A reserach team led by Professor Huang Zhang at Harbin University of Science and Technology recently made significant progress in the research of zinc-iodine aqueous batteries. They proposed an electrolyte additive strategy based on tetramethylammonium iodide (TMAI), which, through the synergistic effect of anions (I-) and cations (TMA+), simultaneously solved three core challenges in zinc-iodine batteries: sluggish iodine reaction kinetics, polyiodide shuttle effect, and zinc dendrite growth. This research not only achieved ultra-long cycle stability of over 5500 hours for symmetric zinc batteries, but also demonstrated excellent performance with almost no capacity decay after 50,000 cycles in the full cell, providing a new approach for the design of high-performance, long-life aqueous zinc-iodine batteries. The article was published as an open access Research Article in CCS Chemistry, the flagship journal of the Chinese Chemical Society.
Background information:
With the global energy structure transitioning towards renewable energy, the development of low-cost, high-safety, and easily scalable energy storage systems has become an urgent need. Aqueous zinc batteries have attracted much attention due to their abundant resources, low cost, and high safety. Among them, zinc-iodine batteries, with their high theoretical capacity (211 mAh g⁻¹) and abundant reserves of iodine , are considered to be a highly promising energy storage system. However, their practical application still faces multiple challenges: the iodine cathode has poor conductivity and slow reaction kinetics, and easily forms soluble polyiodides (such as I³⁻ and I⁵⁻ ) , leading to loss of active material and capacity decay; the zinc anode suffers from dendrite growth and hydrogen evolution side reactions, which seriously affect cycle life; polyiodide shuttle further exacerbates the side reactions of the positive and negative electrodes, resulting in decreased battery efficiency and severe self-discharge. Traditional improvement strategies mostly focus on cathode modification, separator optimization, or single interface regulation, which cannot solve the above problems simultaneously. Therefore, developing an electrolyte additive that can synergistically regulate the interface chemistry of the positive and negative electrodes, improve reaction kinetics, and suppress side reactions has become the key to promoting the practical application of zinc-iodine batteries.
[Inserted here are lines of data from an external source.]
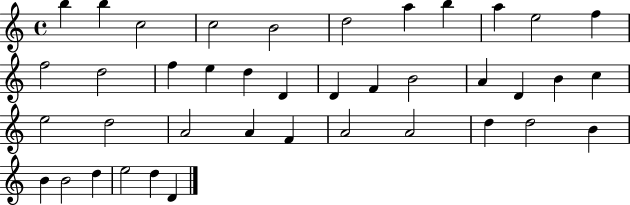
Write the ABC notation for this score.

X:1
T:Untitled
M:4/4
L:1/4
K:C
b b c2 c2 B2 d2 a b a e2 f f2 d2 f e d D D F B2 A D B c e2 d2 A2 A F A2 A2 d d2 B B B2 d e2 d D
Highlights of this article:
Highlight 1: Core Strategy – "Collaboration" rather than "Individual Combat"
Traditional additive design often focuses on solving a single problem, such as improving kinetics or inhibiting shuttle operation, which can easily lead to unintended consequences. The core innovation of this work lies in utilizing the anion (I-) dissociated from the compound TMAI. Together with cations (TMA+), they play key roles and produce synergistic effects at the positive and negative electrode interfaces, respectively. This "killing two birds with one stone" or even "killing three birds with one stone" design concept breaks through the limitations of single-component functions and achieves multi-target synergistic regulation of complex battery systems through the intrinsic functional complementarity between ions.
Highlight 2: Overcoming the challenges of the cathode – Constructing a new "solid-liquid-solid" iodine conversion pathway
To address the issues of slow iodine cathode reactions and loss of active materials, the research team revealed a unique TMAI-induced solid-liquid-solid conversion mechanism. I⁻ acts as a catalyst, accelerating the conversion of solid I₂ into soluble I₃⁻, significantly improving reaction kinetics. Simultaneously, TMA⁺ acts as a trapping agent, rapidly combining with I₃⁻ to form an insoluble TMA-I₃ solid complex, firmly anchoring it in the cathode region. This process ensures both rapid iodine reaction and fundamentally blocks the dissolution and shuttle pathways of polyiodides, thus achieving a balance between high capacity and high coulombic efficiency.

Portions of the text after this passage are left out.